───── DATA EXTRACTS

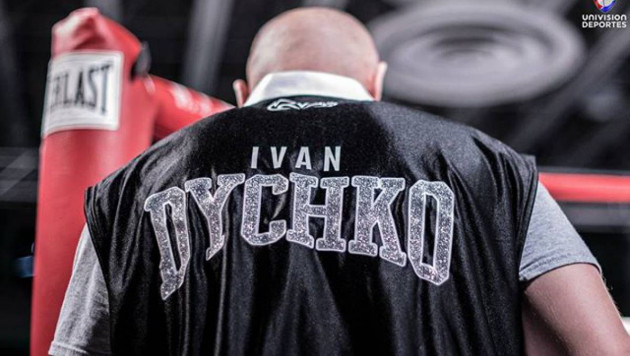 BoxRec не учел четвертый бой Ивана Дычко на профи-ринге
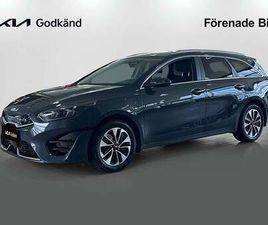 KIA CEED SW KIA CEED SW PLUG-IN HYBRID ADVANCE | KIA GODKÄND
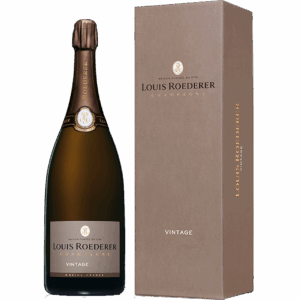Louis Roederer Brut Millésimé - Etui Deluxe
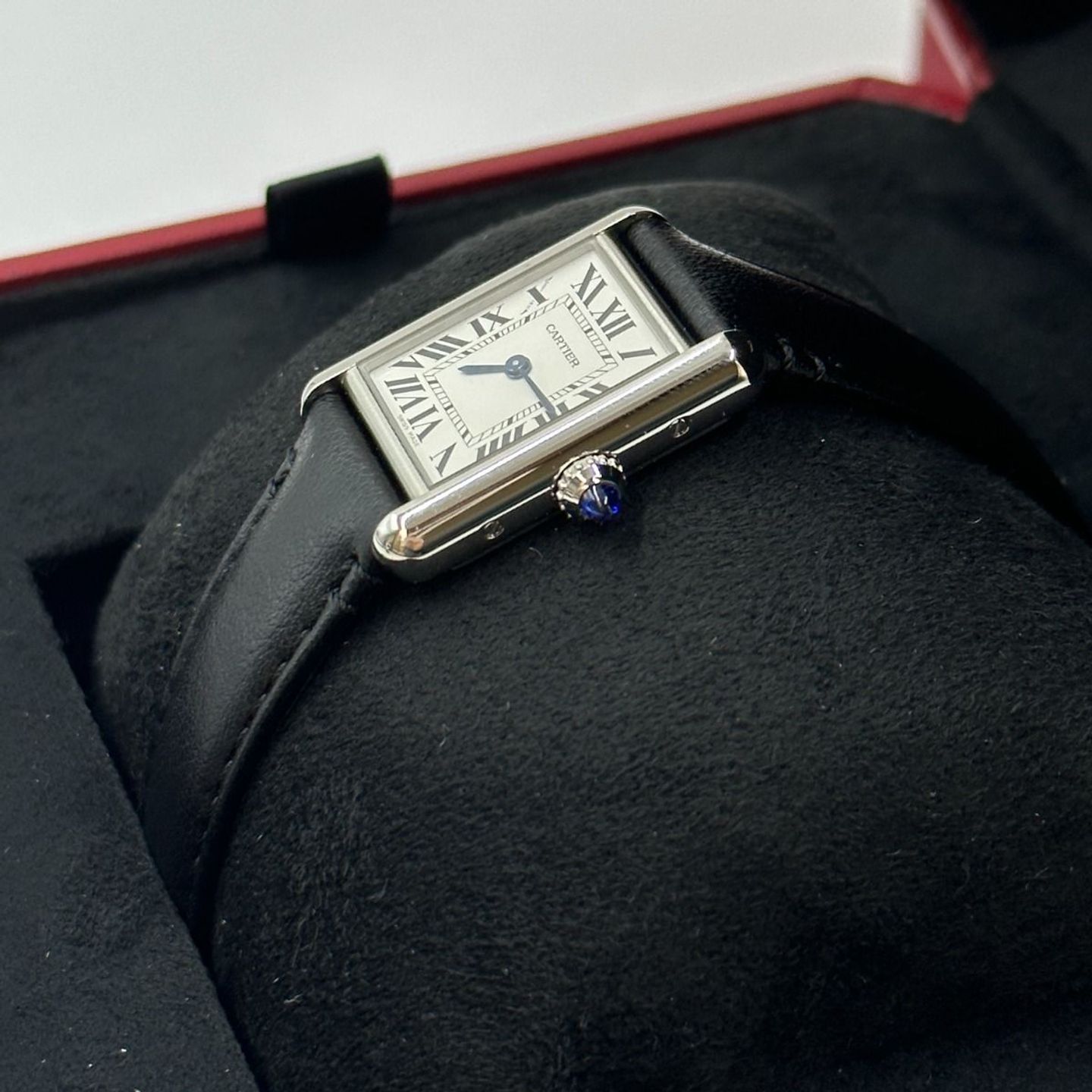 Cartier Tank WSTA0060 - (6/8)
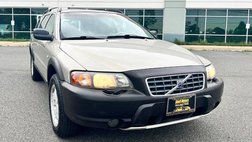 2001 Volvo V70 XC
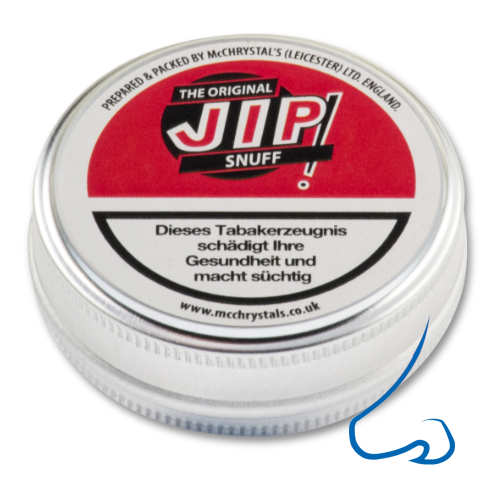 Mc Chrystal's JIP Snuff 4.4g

──────────

_WHAT YOU WILL DO:_ Copy only this, please: the line with "KIA CEED SW KIA" and every line after it through the end of the data, with no pictures.

_WRITTEN RESPONSE:_
 KIA CEED SW KIA CEED SW PLUG-IN HYBRID ADVANCE | KIA GODKÄND
Louis Roederer Brut Millésimé - Etui Deluxe
 Cartier Tank WSTA0060 - (6/8)
 2001 Volvo V70 XC
 Mc Chrystal's JIP Snuff 4.4g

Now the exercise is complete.